E poi ovviamente con Ritratto dell’artista da morto, il cui testo si modifica a ogni versione per adattarsi alla biografia di chi lo interpreta: Daniele Pintaudi, Michele Riondino, Sergi Torrecilla o Marcial Di Fonzo Bo. Le mie parole devono diventare le loro; d’altraparte, perché dovrei costringere un attore a fingere di essere un’entità che non esiste? Per me è molto più interessante che non sia l’attore ad aderire al personaggio, ma il personaggio all’attore. In questo tipo di operazioni è evidente che non c’è più distinzione tra la mia funzione di autore, quella di Dramaturg e quella di regista. Dopotutto, la scrittura alla scrivania è solo letteratura; la drammaturgia deve preparare al fatto teatrale, favorire le condizioni in cui questo fatto si verifica. Così, per me, la regia è ora semplicemente una forma di drammaturgia, che si serve di un testo per preparare all’incontro con il pubblico. L’orizzonte è sempre l’esperienza dello spettatore / spettatrice: il testo si chiude lì, eventualmente. Ma è meglio se non si chiude affatto, in fin dei conti; che spettatori e spettatrici se lo portino via e lo mantengano aperto nella loro interpretazione, commentandolo, riflettendoci su, sentendolo loro.
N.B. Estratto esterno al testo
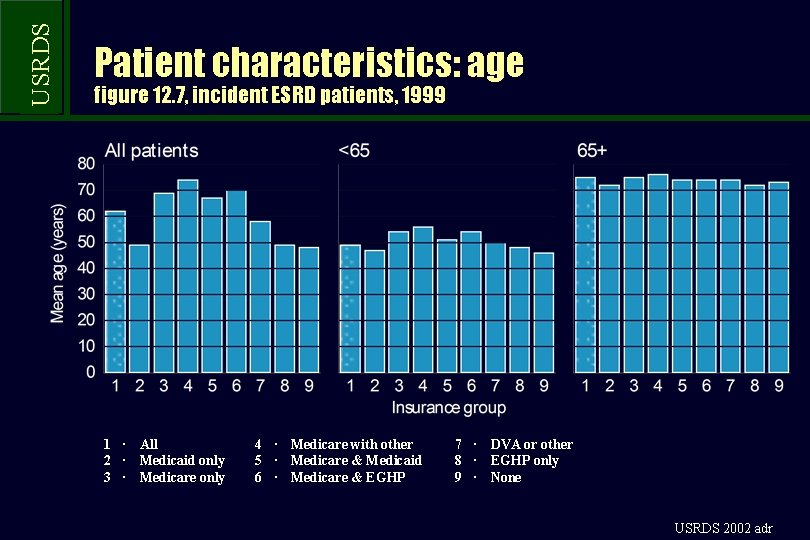 USRDS Patient characteristics: age figure 12. 7, incident ESRD patients, 1999 1 · All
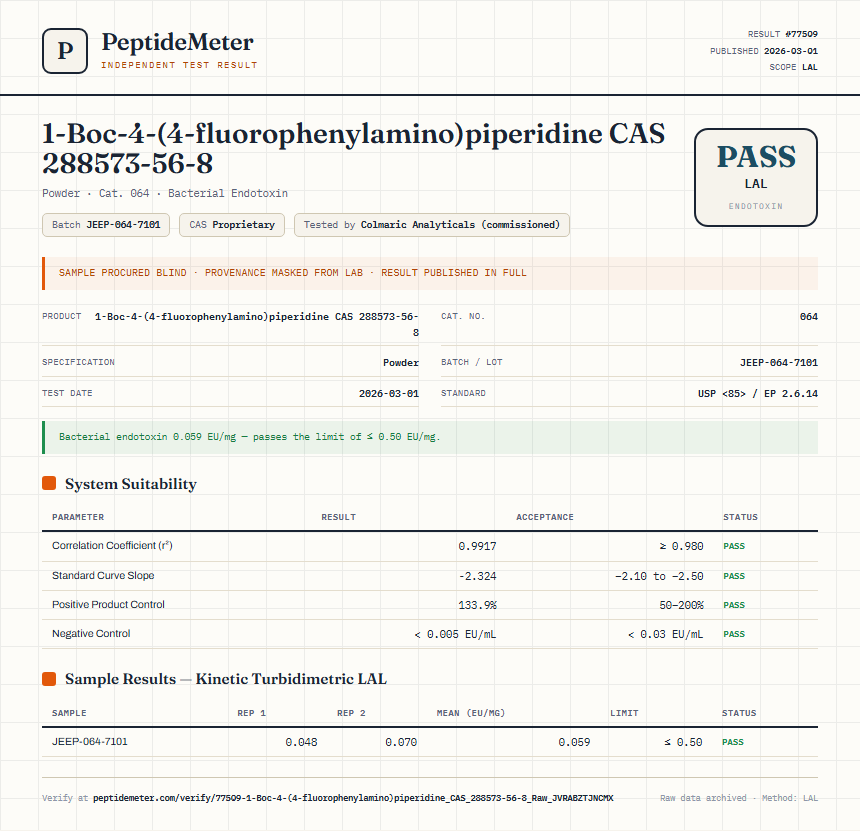 1-Boc-4-(4-fluorophenylamino)piperidine CAS 288573-56-8 Endotoxin report by PeptideMeter
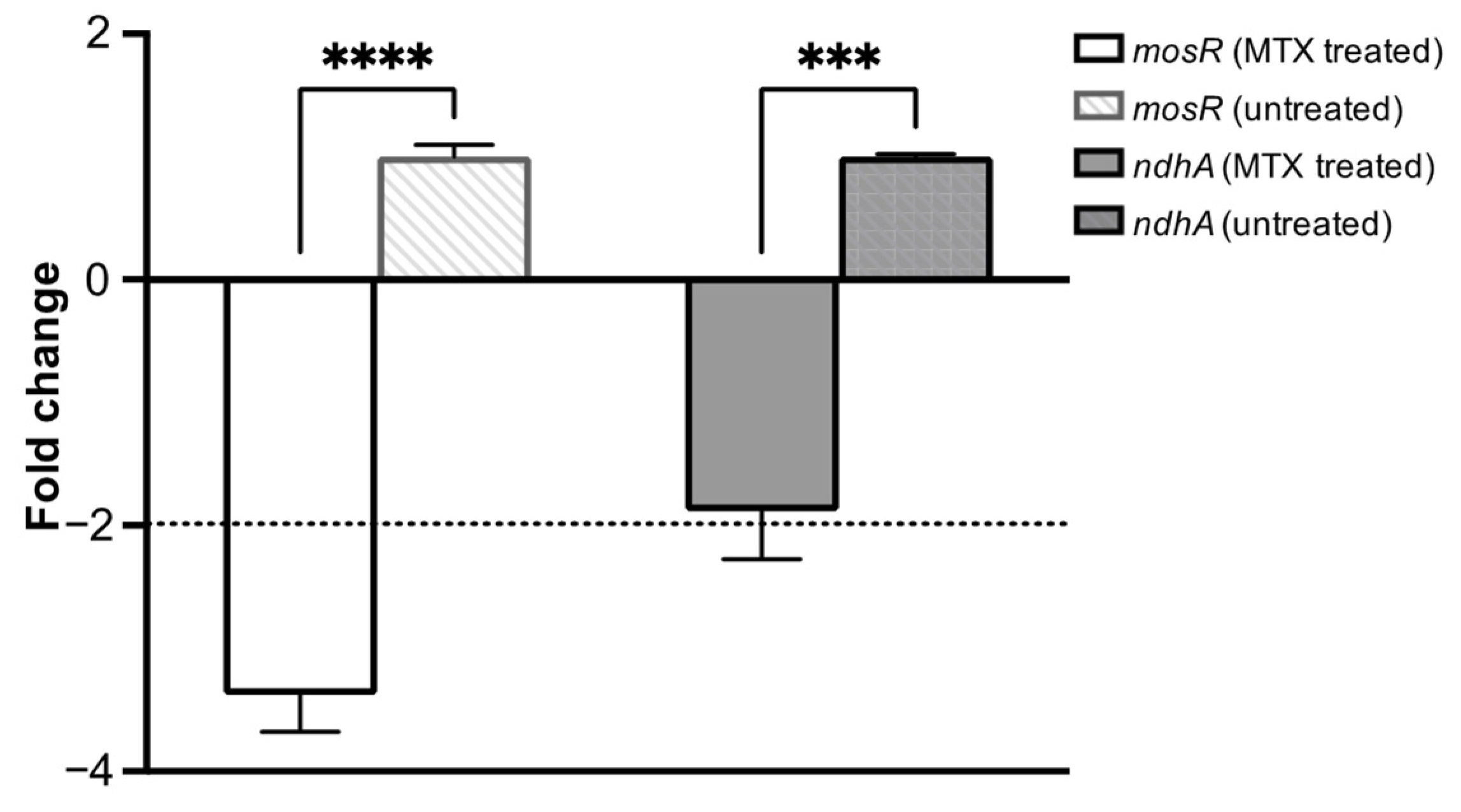 Genes 14 00978 g009 Genes 14 00978 g009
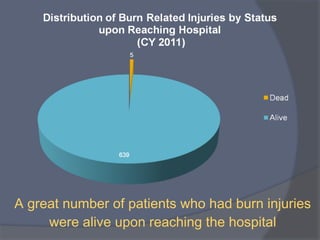 A great number of patients who had burn injuries
were alive upon reaching the hospital
 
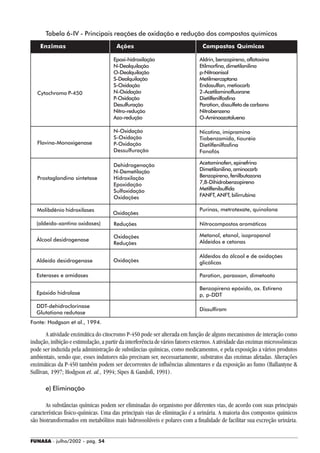 FUNASA - julho/2002 - pág. 54
Tabela 6-IV - Principais reações de oxidação e redução dos compostos químicos
A atividade enzimática do citocromo P-450 pode ser alterada em função de alguns mecanismos de interação como
indução, inibição e estimulação, a partir da interferência de vários fatores externos. A atividade das enzimas microssômicas
pode ser induzida pela administração de substâncias químicas, como medicamentos, e pela exposição a vários produtos
ambientais, sendo que, esses indutores não precisam ser, necessariamente, substratos das enzimas afetadas. Alterações
enzimáticas da P-450 também podem ser decorrentes de influências alimentares e da exposição ao fumo (Ballantyne &
Sullivan, 1997; Hodgson et. al., 1994; Sipes & Gandofi, 1991).
e) Eliminação
As substâncias químicas podem ser eliminadas do organismo por diferentes vias, de acordo com suas principais
características fisico-químicas. Uma das principais vias de eliminação é a urinária. A maioria dos compostos químicos
são biotransformados em metabólitos mais hidrossolúveis e polares com a finalidade de facilitar sua excreção urinária.
Fonte: Hodgson et al., 1994.
Compostos Químicos
Aldrin, benzopireno, aflatoxina
Etilmorfina,dimetilanilina
p-Nitroanisol
Metilmercaptana
Endosulfan,metiocarb
2-Acetilaminofluorane
Dietilfenilfosfina
Paration, dissulfeto de carbono
Nitrobenzeno
O-Aminoazotolueno
Nicotina, imipramina
Tiobenzamida, tiouréia
Dietilfenilfosfina
Fonofós
Acetaminofen,epinefrina
Dimetilanilina,aminocarb
Benzopireno,fenilbutazona
7,8-Dihidrobenzopireno
Metilfenilsulfida
FANFT, ANFT, bilirrubina
Purinas, metrotexate, quinolona
Nitrocompostos aromáticos
Metanol, etanol, isopropanol
Aldeídos e cetonas
Aldeídos do álcool e de oxidações
glicólicas
Paration, paraoxon, dimetoato
Benzopireno epóxido, ox. Estireno
p, p-DDT
Dissulfiram
Ações
Epoxi-hidroxilação
N-Dealquilação
O-Dealquilação
S-Dealquilação
S-Oxidação
N-Oxidação
P-Oxidação
Desulfuração
Nitro-redução
Azo-redução
Enzimas
Cytochromo P-450
Flavina-Monoxigenase
Prostaglandina sintetase
Molibdênio hidroxilases
(aldeído-xantino oxidases)
Álcool desidrogenase
Aldeído desidrogenase
Esterases e amidases
Epóxido hidrolase
DDT-dehidroclorinase
Glutationa redutase
N-Oxidação
S-Oxidação
P-Oxidação
Dessulfuração
Dehidrogenação
N-Demetilação
Hidroxilação
Epoxidação
Sulfoxidação
Oxidações
Oxidações
Reduções
Oxidações
Reduções
Oxidações
 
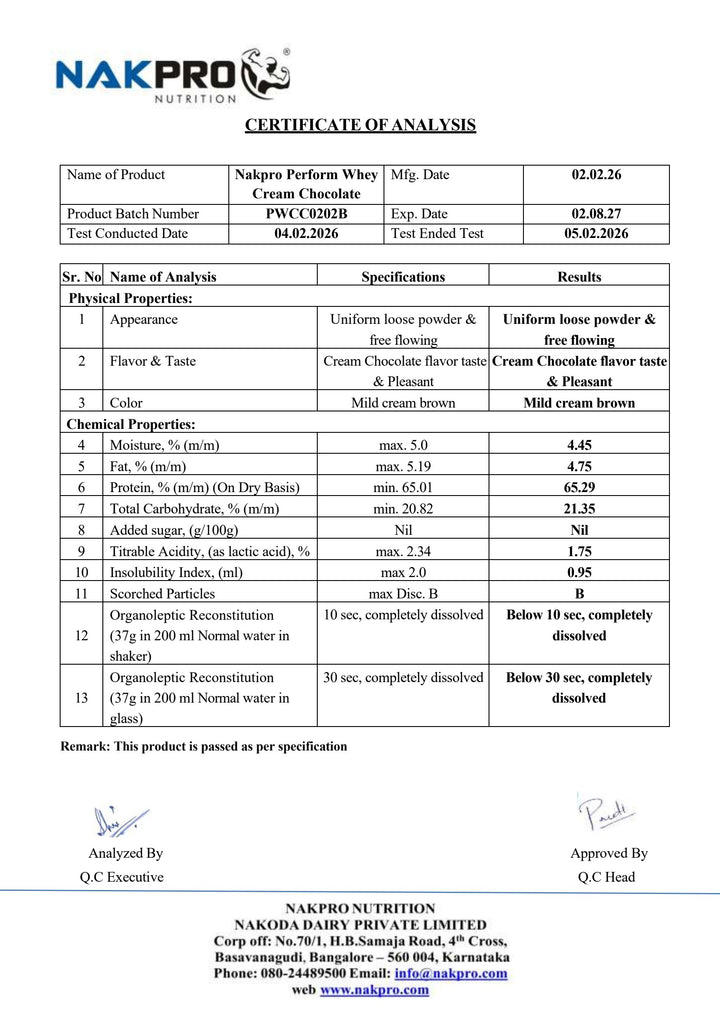 Perform Whey Protein Concentrate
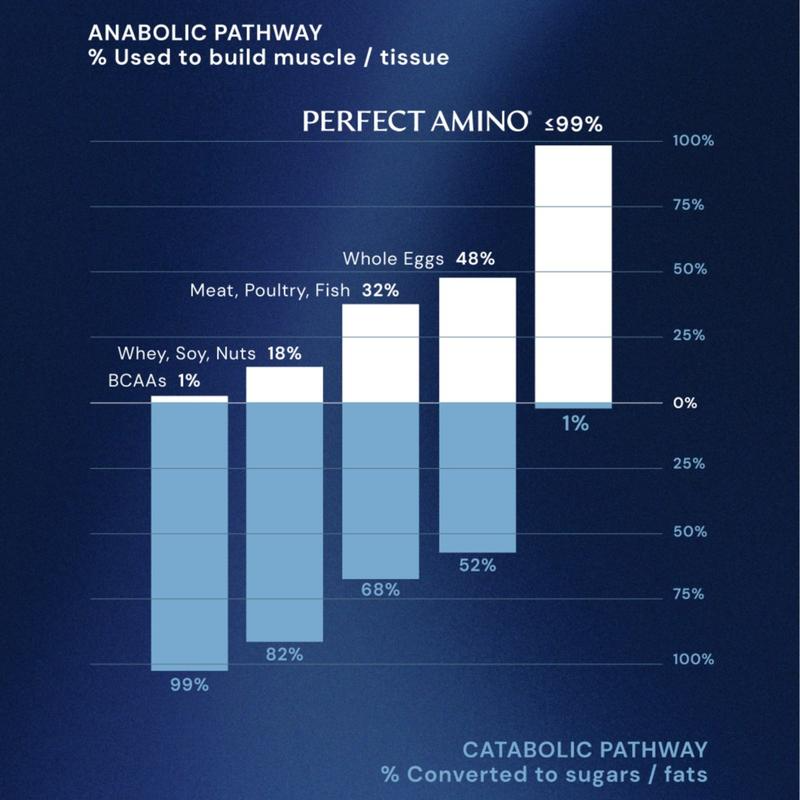 Manufacturer protein utilization comparison chart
Carta o computer? Che differenza c’è per te? Il mezzo influenza la scrittura?
Carta per gli appunti, computer per la redazione del testo. Ho bisogno di cancellare e riscrivere, spostare pezzi, cercare frasi e replicarle, distribuire parole e segni in luoghi diversi del testo. Non scrivo in modo lineare, è tutto un lavoro di montaggio. Con il computer è più semplice.
Hai dei rituali per la tua scrittura? Scaramanzie?
Ogni tanto muoio. Poi, però, sono sempre tornato in vita.
Qual è il testo teatrale che nella tua carriera ha rappresentato il momento di svolta? E perché?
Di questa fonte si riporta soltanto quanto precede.